Last year, I published LLMapper, a tool that uses LLMs to draw concept maps from Wikipedia pages. Last week, I released a new version that gains new abilities by integrating more closely with Claude.

Here’s a sample concept map drawn using the Skill:

Concept map exploring themes related to 'To the Lighthouse,' including 'Lily Briscoe,' 'Mrs Ramsay,' 'Time,' 'Loss,' 'Memory,' 'Art,' 'Perception,' and 'Stream of Consciousness,' with connecting actions like 'portrays,' 'embodies,' and 'inspires.' An AI-generated concept map of Virginia Woolf’s _To the Lighthouse_

An AI-generated concept map of Virginia Woolf’s To the Lighthouse

A bit of background: A concept map is a diagram that shows relationships between concepts. It consists of nodes that represent ideas and labeled arrows that represent relationships. Seeing these conceptual distinctions and relationships laid out helps visual thinkers understand complex ideas quickly.

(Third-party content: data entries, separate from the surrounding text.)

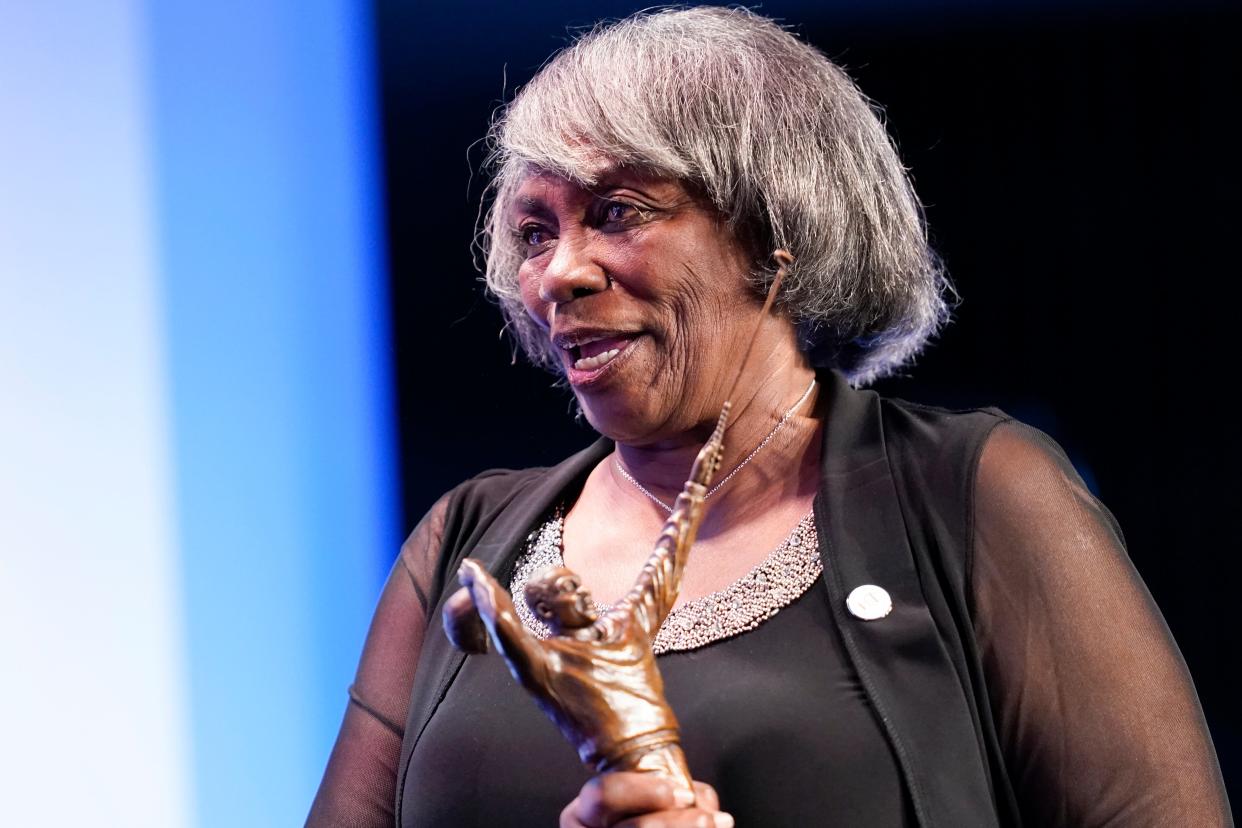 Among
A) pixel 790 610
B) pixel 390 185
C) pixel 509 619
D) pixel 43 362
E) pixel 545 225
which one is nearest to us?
pixel 509 619

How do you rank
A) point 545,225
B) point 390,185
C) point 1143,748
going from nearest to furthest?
point 1143,748
point 545,225
point 390,185

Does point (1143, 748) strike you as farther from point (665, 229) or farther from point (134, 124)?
point (134, 124)

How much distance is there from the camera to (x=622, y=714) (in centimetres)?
88

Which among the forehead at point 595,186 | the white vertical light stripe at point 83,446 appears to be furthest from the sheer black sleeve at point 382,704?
the white vertical light stripe at point 83,446

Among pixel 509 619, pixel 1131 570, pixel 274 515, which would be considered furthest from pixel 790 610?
pixel 274 515

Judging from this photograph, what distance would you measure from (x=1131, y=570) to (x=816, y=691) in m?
0.27

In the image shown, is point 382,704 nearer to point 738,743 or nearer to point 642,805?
point 738,743

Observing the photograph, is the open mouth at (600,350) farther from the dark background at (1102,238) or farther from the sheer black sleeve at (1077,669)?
the dark background at (1102,238)

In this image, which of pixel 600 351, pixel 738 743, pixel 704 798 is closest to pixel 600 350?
pixel 600 351

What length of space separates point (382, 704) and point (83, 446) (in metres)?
0.62

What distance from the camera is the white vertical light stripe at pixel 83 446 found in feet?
5.64

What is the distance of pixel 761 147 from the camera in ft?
4.23

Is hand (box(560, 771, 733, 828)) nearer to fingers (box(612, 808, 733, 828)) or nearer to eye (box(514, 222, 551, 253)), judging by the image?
fingers (box(612, 808, 733, 828))

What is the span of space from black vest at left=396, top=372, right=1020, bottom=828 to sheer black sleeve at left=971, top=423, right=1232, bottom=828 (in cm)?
2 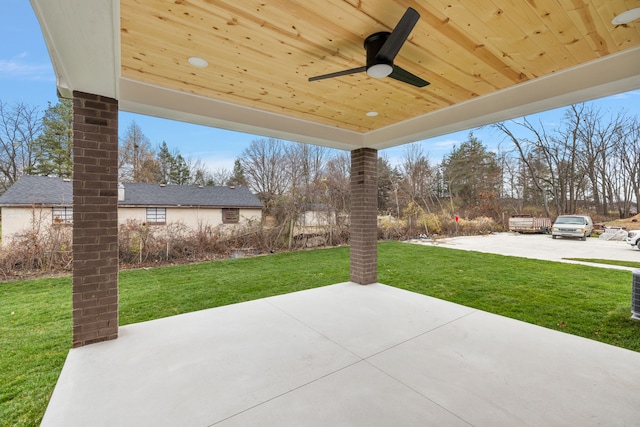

Back in 2024, AI struggled with concept maps. You could ask the multi-modal chatbots to make them, but the output was junk. At that point, I’d taught human students how to draw them for years, and thought it’d be a neat exercise to get LLMs to draw them as well. The result was the first version of LLMapper. (Here are some of the concept maps it drew.)

Last month, Anthropic released a new functionality called Agent Skills. It’s a way to package particular abilities that can be used either by Claude on the web, the desktop app, or Claude Code. I thought it’d be neat to give Claude the ability to draw concept maps, so I used Claude Code to convert LLMapper to a Skill and gave it a bunch of new features along the way.

Download the LLMapper Skill from Github. The video above shows you how to install it using Claude on the web (using a paid account, alas.) I hope you find this Skill fun and useful!